Pero en realidad, hay otro motivo de mayor peso: una fotografía es un suspiro de luz. En un instante capta una escena y la retiene a perpetuidad. En lo que nos cuesta pulsar el obturador, el trabajo está hecho. Es verdad que hay un proceso de acecho y caza del momento adecuado, pero la energía invertida en el evento, seamos honestos, es escasa.

La cámara está encendida y con el objetivo levemente accionado. La luz verde del led y el cilindro de la óptica, así nos lo revelan. No es casual. No muestra un estado inerte. Muy al contrario, expresa actividad y disposición. Está todo preparado para «cazar» ese suspiro de la realidad. Sin filtros, sin engaños, sin matices siquiera.

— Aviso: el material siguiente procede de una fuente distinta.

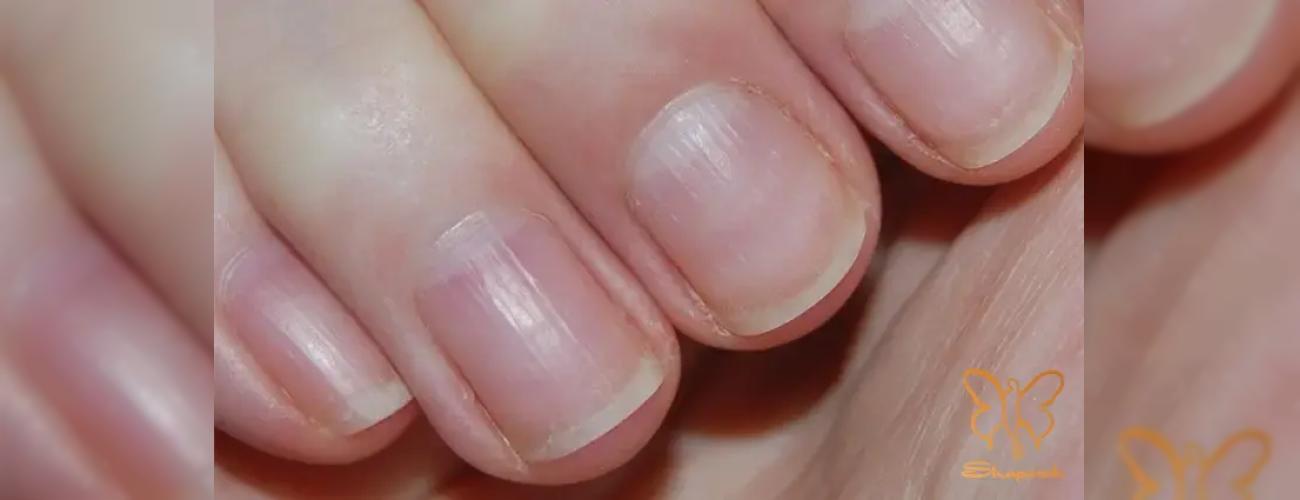 کلینیک شاپرک مشهد: از تشخیص تا درمان ناخن‌ های کبریتی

Y en primer plano aparece la estilográfica. Es sin duda la protagonista. Está apoyada en la cámara y parecen llevarse bien. Pero hay unos cuantos detalles que nos proporcionan una información adicional…

En primer lugar, su estilismo vintage. No vemos la marca, pero no hace falta: todos sabemos cuál es. Y por lo tanto también podemos presuponer que los adornos son de oro. El anillo del capuchón y el clip ya nos sirven para imaginar que el plumín de su interior será también de oro y estará decorado con elegantes detalles propios de orfebrería.

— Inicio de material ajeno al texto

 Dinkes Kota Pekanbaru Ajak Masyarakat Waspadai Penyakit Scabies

Quien usa un instrumento de este calibre, no hay duda alguna que es un romántico de la escritura.

Y en este caso, el propietario soy yo. Mi nombre aparece grabado en relieve. El valor de esta pieza va mucho más allá de su precio. Su cotización viene dada por los innumerables trazos descritos con ella y por el exquisito tiempo que he compartido sujetándola entre mis dedos, actuando de mentor.

Hay que tener una pluma como esta para experimentar la agradable sensación de volver a un tiempo pasado, en el que lo artesano estaba por encima de lo práctico.

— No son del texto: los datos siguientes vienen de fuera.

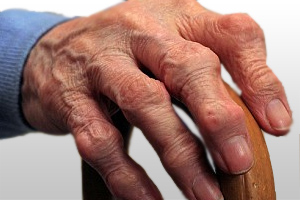 What Is Arthritis? Causes Of Arthritis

Además, hay otro matiz que hace única esta actividad creativa. Es el ritual que la acompaña.

El hecho de tener que desenroscar paulatinamente el capuchón para acceder al plumín, ya nos prepara para aceptar cortésmente la invitación de la lámina. Ésta, nos está dando su permiso para transgredir su radiante pulpa de glucosa con nuestra ennegrecida tinta, para convertirse así en una unión matrimonial de por vida.

La tinta previamente ha tenido que ser cargada a partir de un tintero. Hay que rellenar manualmente la boquilla para nutrir el alimentador y así conseguir que el fluido descienda, pausadamente, hasta dibujar los trazos que dan sentido y personalidad a la caligrafía.

El papel espera, inmaculado y virgen a ser estrenado.

Si nos acercamos lo suficiente y estamos en un entorno calmado y silencioso, podremos disfrutar del susurro áspero que se produce cuando contacta la punta de iridio con la textura del papel. Delicioso.

Así es como se consumó, ya hace años, mi amor por la escritura.

Ahora la tecnología nos plantea nuevos retos y nos abre nuevas posibilidades. También cautivadoras y muy interesantes. Hemos sustituido la pluma por el teclado y el papel por la pantalla en blanco, sí. Pero la esencia sigue siendo la misma.

La fotografía es una historia narrada con luz… y los libros son historias narradas con palabras. Cámara y pluma son los instrumentos para transmitirlas.

Hoy ha sido una imagen… y seiscientas setenta y ocho palabras.